A team of scientists from Japan and the EU have found a way to replace the use of many parallel lasers with a single frequency comb source, which has enabled them to push data at a speed of 661Tbps (Terabits per second) down a single-mode 30 core optical fibre cable.
Funnily enough the interesting development here isn’t that headline figure of 661Tbps, which has already been beaten by NTT’s transmission rate of 1.05Pbps via a similar multi-core single fibre (using fewer WDM channels and a greater per-channel bandwidth). Instead the focus is on some significant improvements in the underlying laser technology.
The problem is that lasers aren’t the most energy efficient bits of kit in the world (the best ones tend to be 30-50% efficient) and to push more data down an optical fibre cable you often need to stick on a bunch of them (i.e. all running in parallel with each colour requiring its own laser, which is where the usual Wavelength Division Multiplexing has its fun).
Advertisement
Suffice to say that power becomes a growing problem as you increase network capacity, not least by adding more lasers. According to the research team, the internet today transmits hundreds of Terabits per second, consumes 9% of all electricity worldwide and grows by 20-30% per year.

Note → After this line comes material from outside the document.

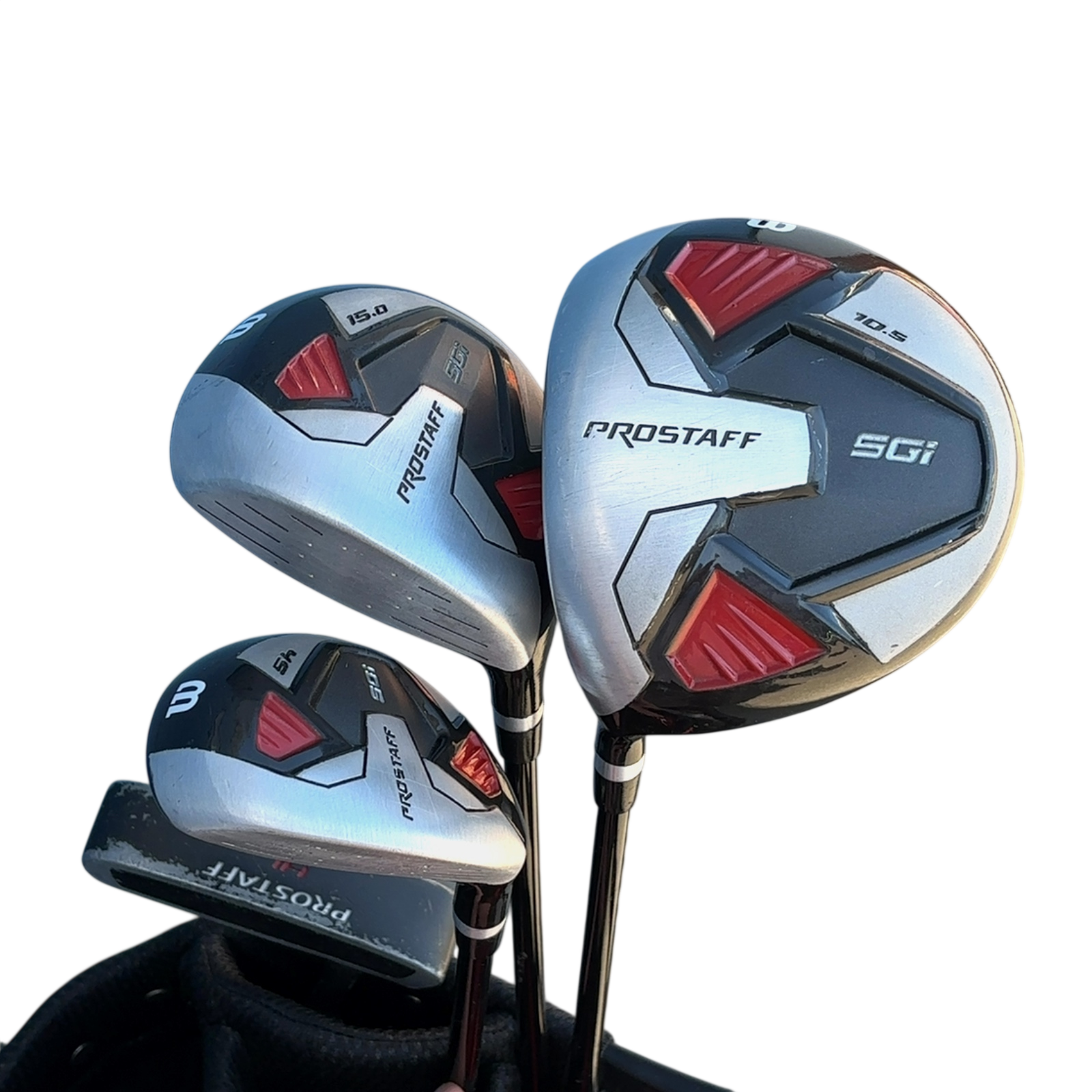Venstre Wilson Prostaff Komplet Sæt Med Bag / 6-PW+SW / Flex A-flex / Grafit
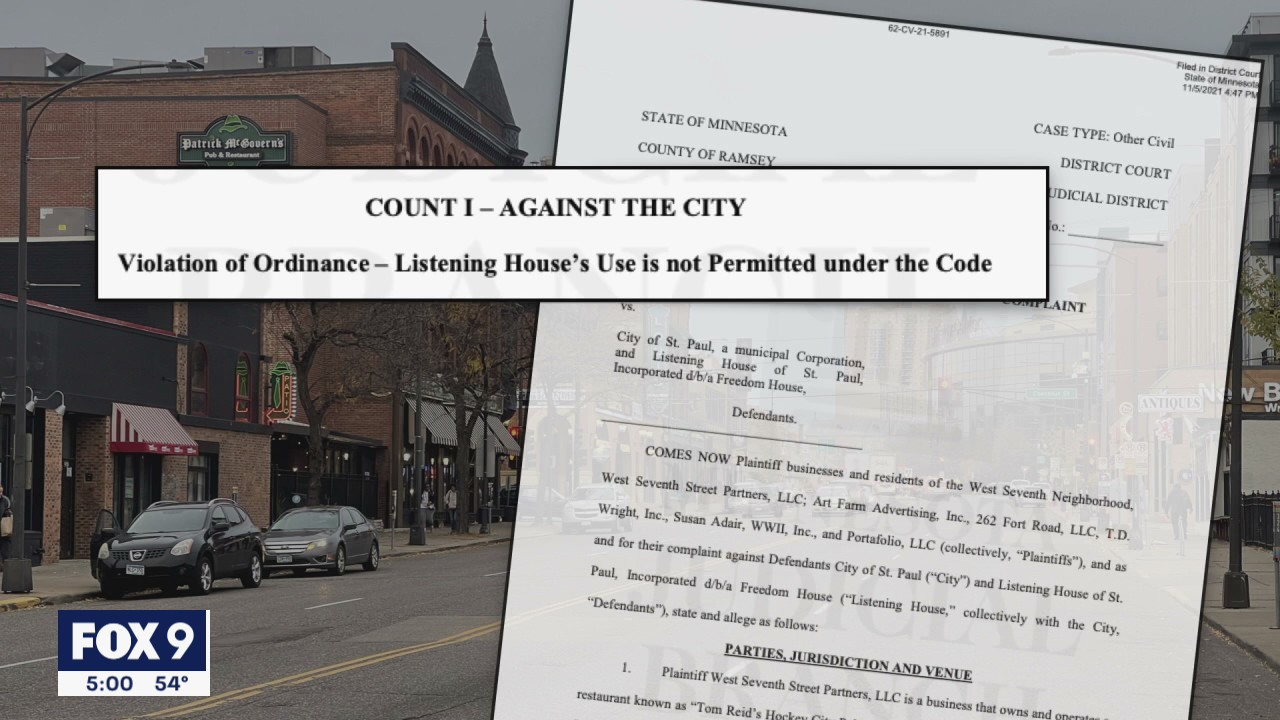 St. Paul businesses sue city over day shelter, rise in crime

The solution they’ve come up with is to create a single frequency comb source that sends out pulses of light stacked with very pure colours, which are then separated via gaps in frequency (i.e. you don’t need all those individual lasers running in parallel anymore).
Researcher Hao Hu said:
We present a frequency comb realized by a non-resonant aluminium-gallium-arsenide-on-insulator (AlGaAsOI) nanowaveguide with 66% pump-to-comb conversion efficiency, which is significantly higher than state-of-the-art resonant comb sources. This enables unprecedented high data-rate transmission for chip-based sources, demonstrated using a single-mode 30-core fibre.
We show that our frequency comb can carry 661 Tbit s–1 of data, equivalent to more than the total Internet traffic today. The comb is obtained by seeding the AlGaAsOI chip with 10-GHz picosecond pulses at a low pump power (85 mW), and this scheme is robust to temperature changes, is energy efficient and facilitates future integration with on-chip lasers or amplifiers
The related research paper can be found online and Arstechnica also has a good write-up on the many clever changes and tricks that have gone into making this all work. The focus here is largely on high-capacity data links rather than consumer connectivity, although developments like this will all eventually feed into the same network ecosystem.
The work itself was funded by the Silicon Photonics for Optical Communications (SPOC) research centre of excellence (DNRF123), the Nanophotonics for Terabit Communications (NATEC) Villum centre of excellence and the European Union–Japan coordinated R&D project on Scalable And Flexible optical Architecture for Reconfigurable Infrastructure (SAFARI).